Il rapporto dell’ISS giudica «in eccesso rispetto alla media regionale» il tasso di mortalità, ricoveri e tumori nell’area. L’allarme drammatico riguarda anche i bambini: «si osservano eccessi di bambini ricoverati nel primo anno di vita per tutti i tumori e eccessi di tumori del sistema nervoso centrale, questi ultimi anche nella fascia 0-14 anni».

Dopo tante difficoltà e tante battaglie condotte da giornalisti, studiosi, comitati e società civile finalmente una notizia che determina la gravità in cui versa un’area dove è presente un’importante fetta della popolazione campana. Ma se alcuni si sono sacrificati per raccontare una terra in difficoltà e soggiogata dalla camorra, i quotidiani del 12 gennaio non sembrano ritenere i dati del rapporto ISS un caso grave, al punto tale da compiere una scelta editoriale di rilievo.

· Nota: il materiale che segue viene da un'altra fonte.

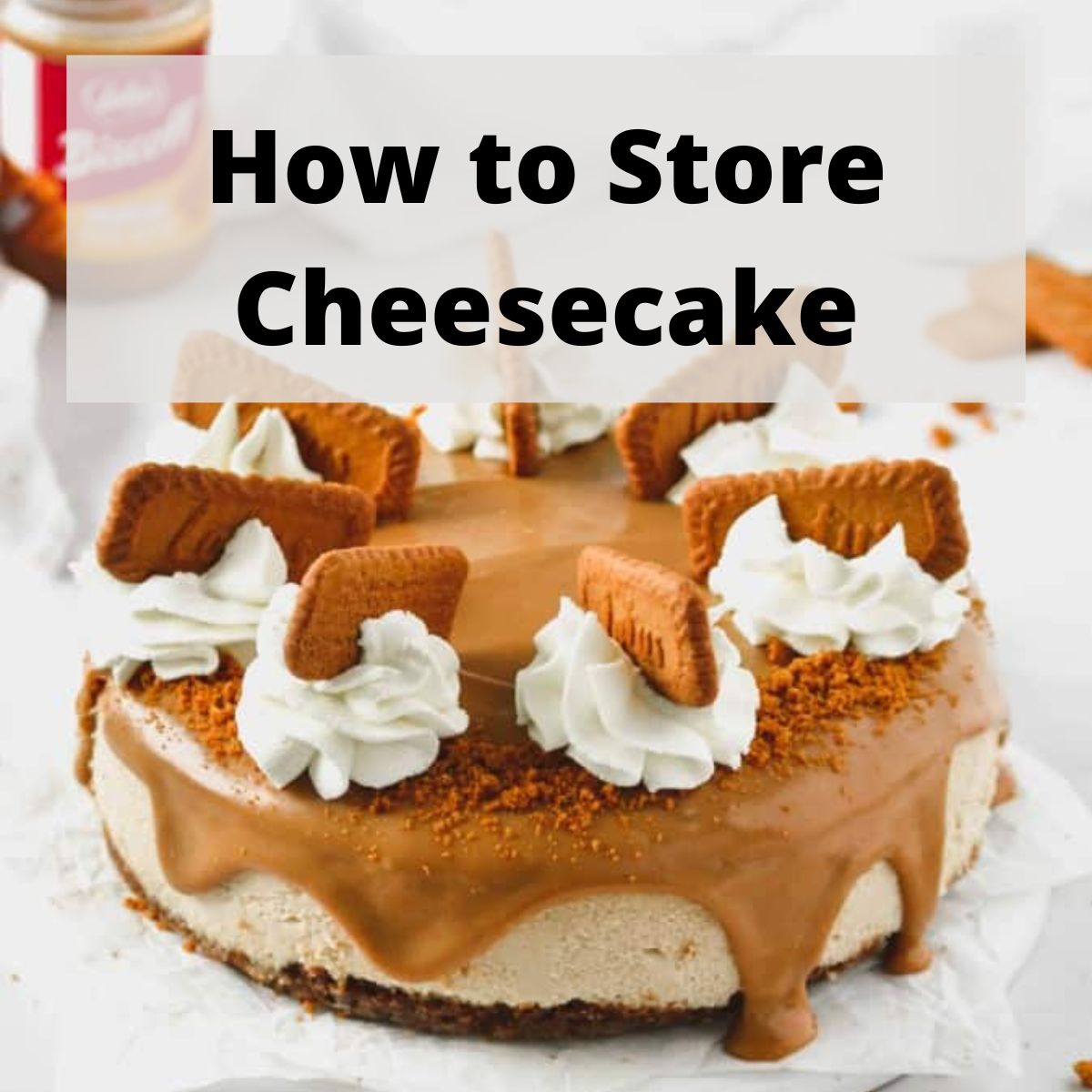 how to store cheesecake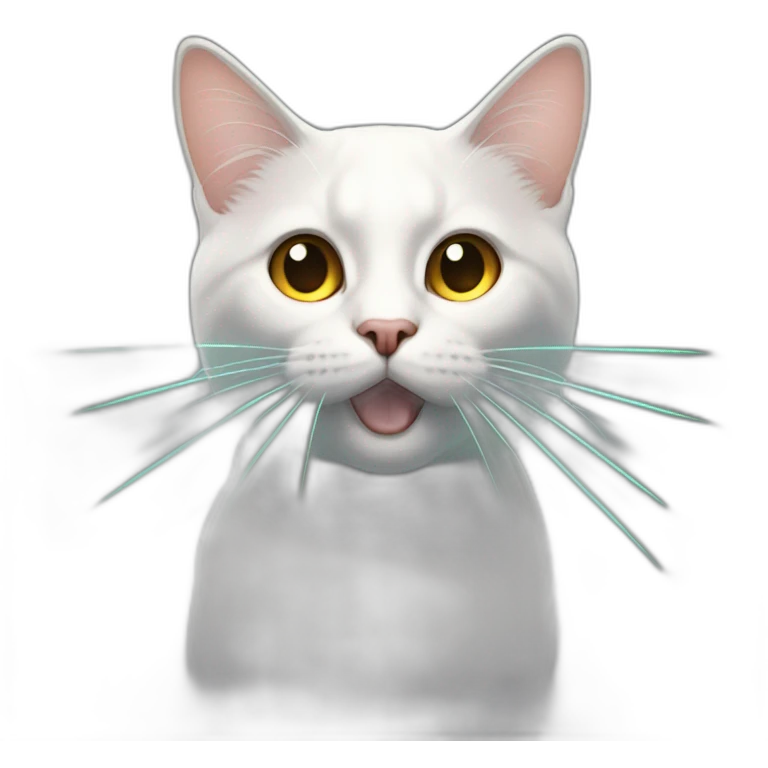 Chat qui lance des rayons laser emoji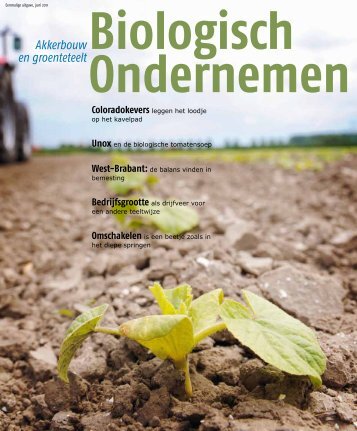 Akkerbouw en groenteteelt - Biologischondernemen.nl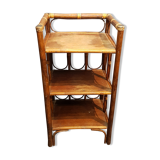 Rattan shelf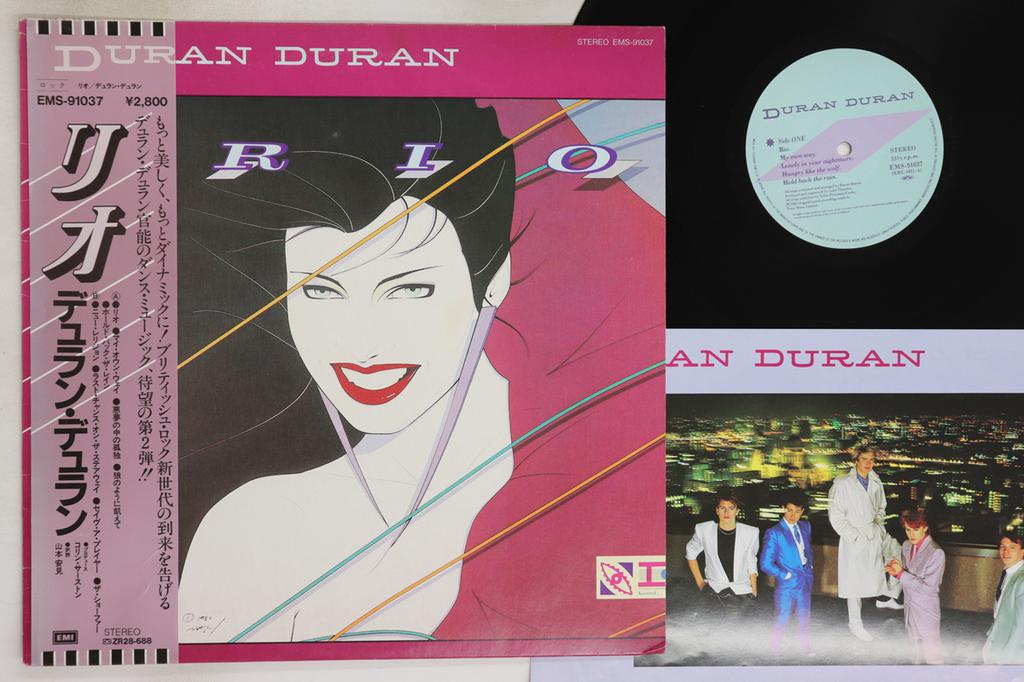 LP Record DURAN DURAN - Rio EMS91037 EMI 1982 Japan Obi Rock Used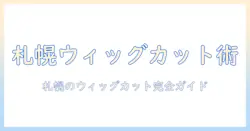 札幌でコスプレ用ウィッグをカットする方法とおすすめ店ガイド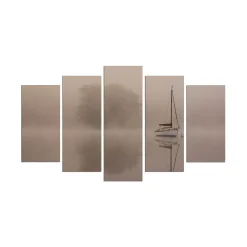 Dekorativ MDF-maling 5-Deler 20x60 cm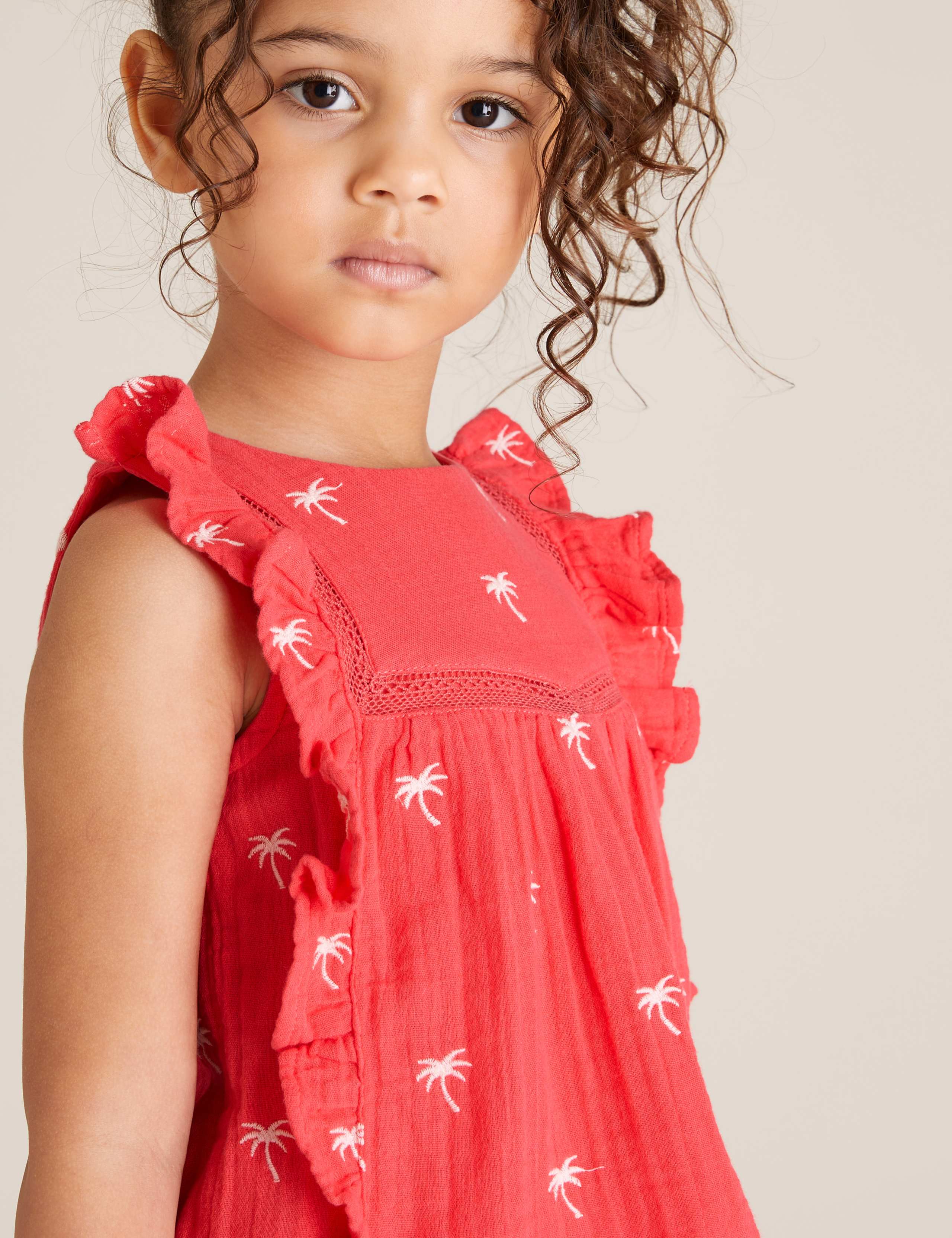 Pure Cotton Patterned Top (2-7 Yrs) 3 of 4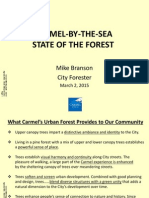 Carmel-By-The-Sea State of The Forest: Mike Branson City Forester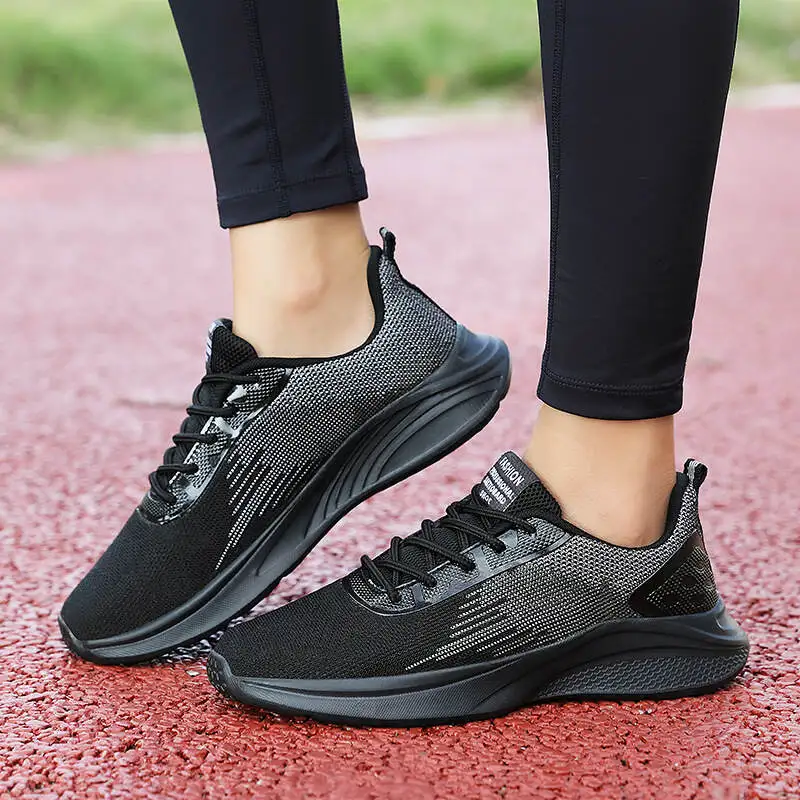 

Running Girl Portable Women's Sports Shoes For Gym Without Lacing Tactical Sneakers Thick Bottomed Women Sport Sneakers Tennis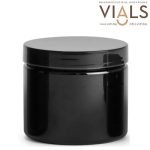 PET Black Jar 200ml - PET Jar for Cream 200ml - Cosmetic Jar 200ml - Medical treatments - www.vials.bg -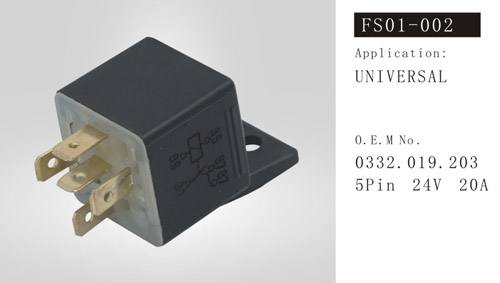 FS01-002 汽車?yán)^電器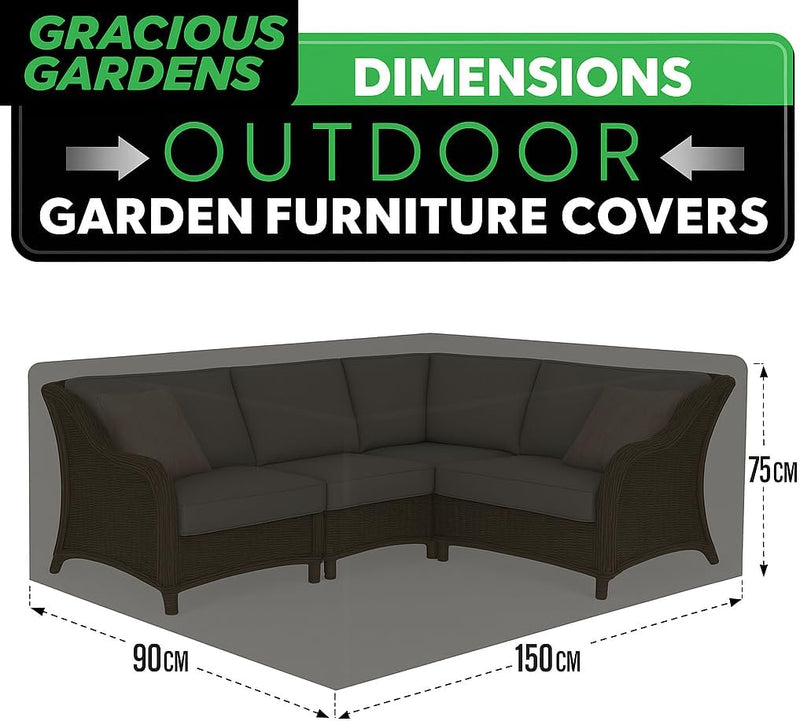Gracious Gardens Gracious Gardens Outdoor Garden Furniture Covers | Rectangular 150cm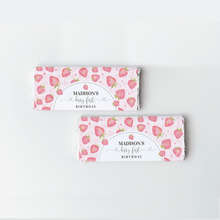  Editable Berry First Birthday Candy Bar Wrapper Strawberry BF03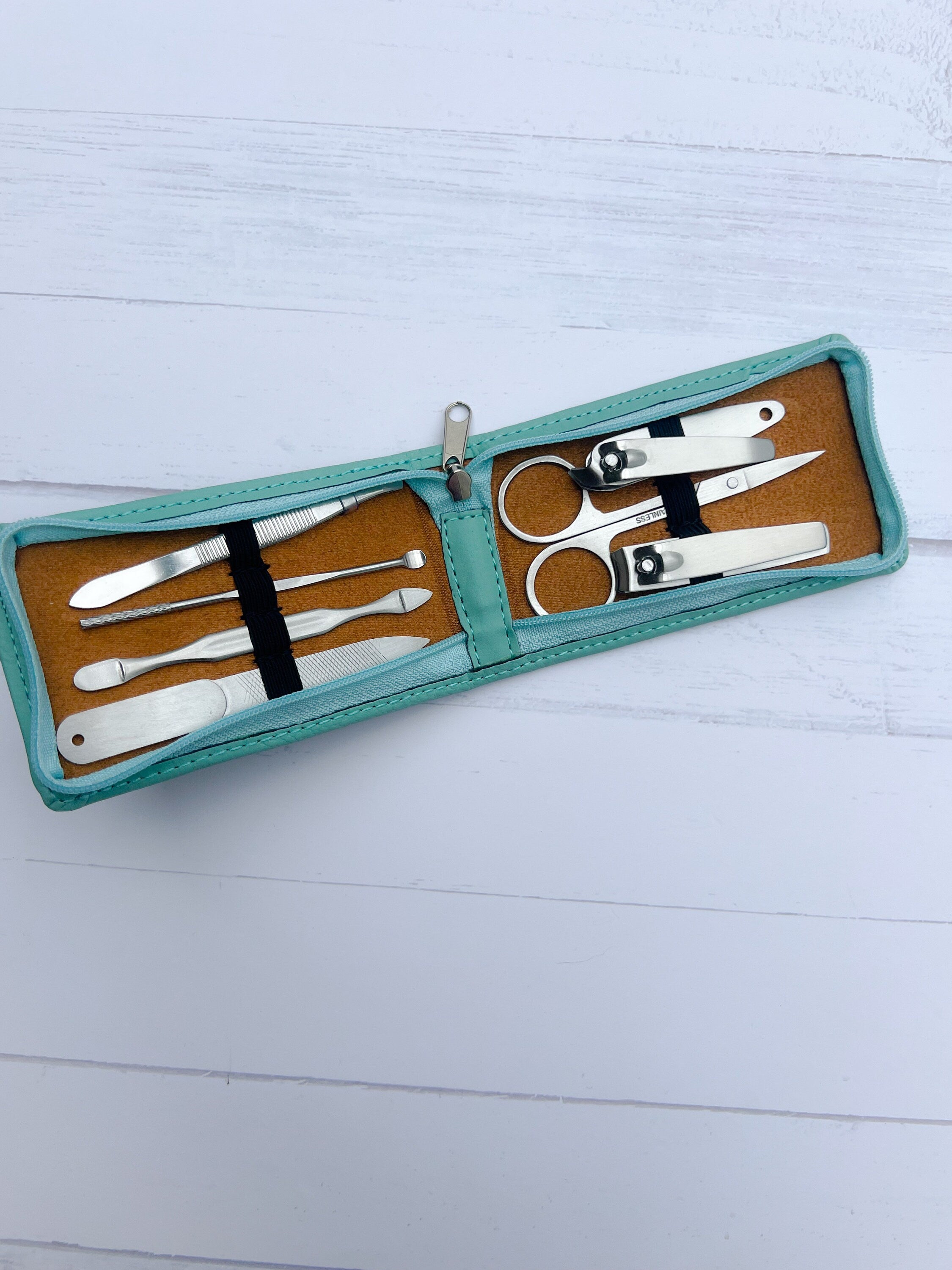 Personalized Manicure Set - Personalized Bridesmaid Gift - Manicure Kit - Travel Accessories - Gifts for Bridesmaids - Nail Gift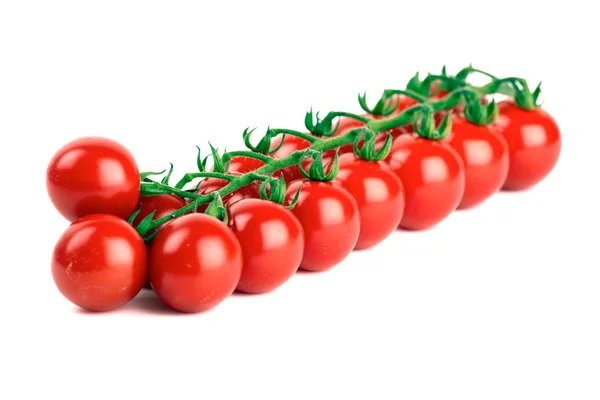 Вишневі помідори ізольовані на білому тлі — стокове фото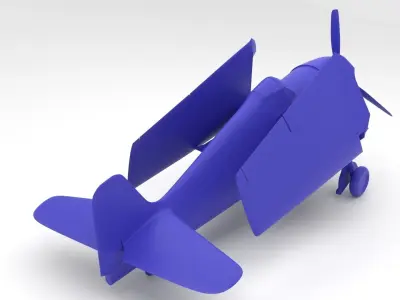 Grumman F6F Hellcat  folded - 3d printer ready 3D print model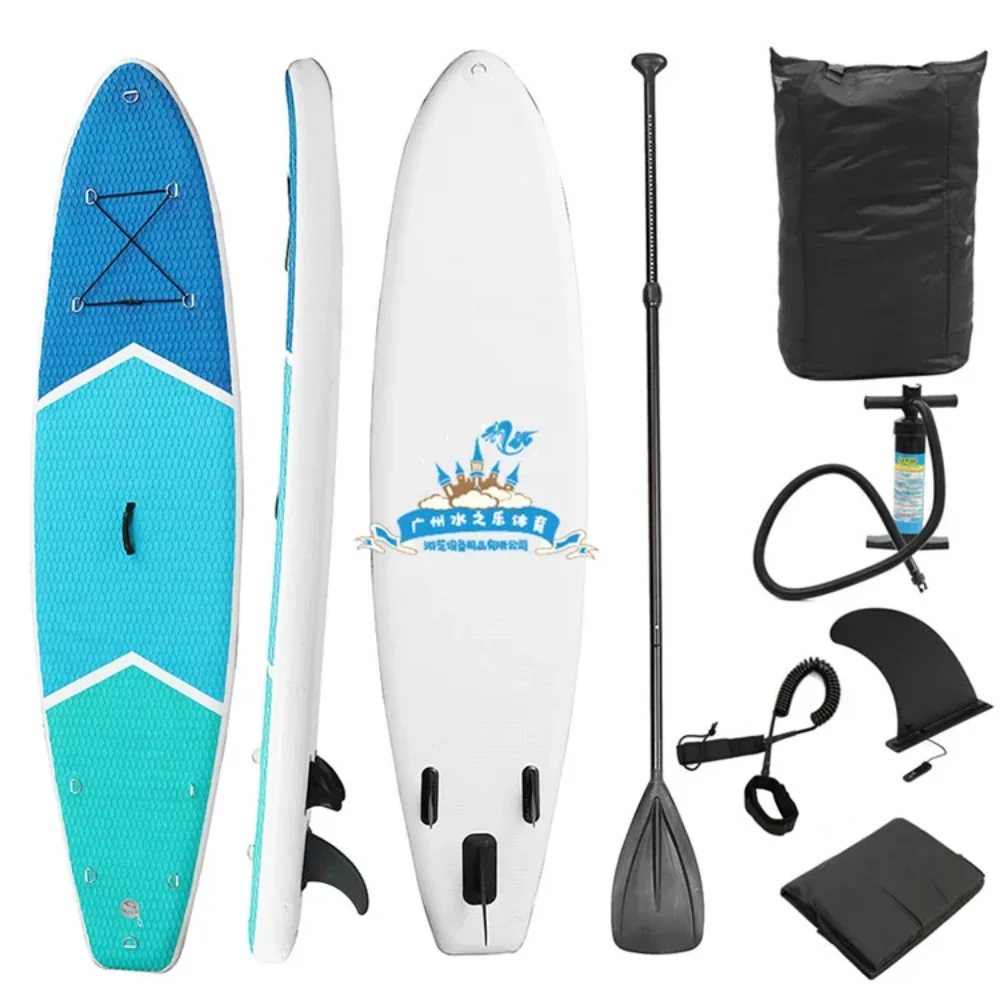 

Best-Selling Custom Inflatable SUP - Fishing & Surf Board with Fins & Kayak Seat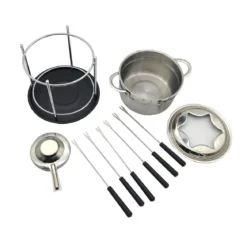 FONDUE SET 9 PIECES 6 FOURCHETTES
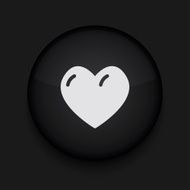 Vector modern black circle icon Eps10 N4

Per “Il Mattino”, storico quotidiano partenopeo, la notizia va collocata nella sezione locale e solamente dopo il dibattito attorno alle comunali 2016 e la “festa dall’avvocato al barista” in doppia pagina sul Napoli, infatti, la squadra di calcio ha vinto il cosiddetto “campionato d’inverno”. E pensare che gli ultimi giorni del 2015 “Il Mattino” aveva rivelato con un’inchiesta di Gigi Di Fiore in parte le cifre contenute nel rapporto dell’ISS.

Per il “Corriere della Sera” la notizia va posta nella sezione cronache a pagina 22 e dedica un minibox nella parte inferiore della prima pagina; la vicenda non viene menzionata affatto dalla prossima quarantenne “La Repubblica”. “Il Tempo” si arrischia con il titolo ad effetto: “La Terra dei Fuochi rom: 2000 roghi”, un’inchiesta in cui dall’area campana si fa un balzo nella Capitale con tanto di mappa corredata. Il lavoro del quotidiano si concentra su “la Terra dei Fuochi de’ noantri” con il dito puntato nei confronti della situazione “esplosiva nei campi rom”: appena citata la vicenda campana che funge da allaccio per l’inchiesta romana.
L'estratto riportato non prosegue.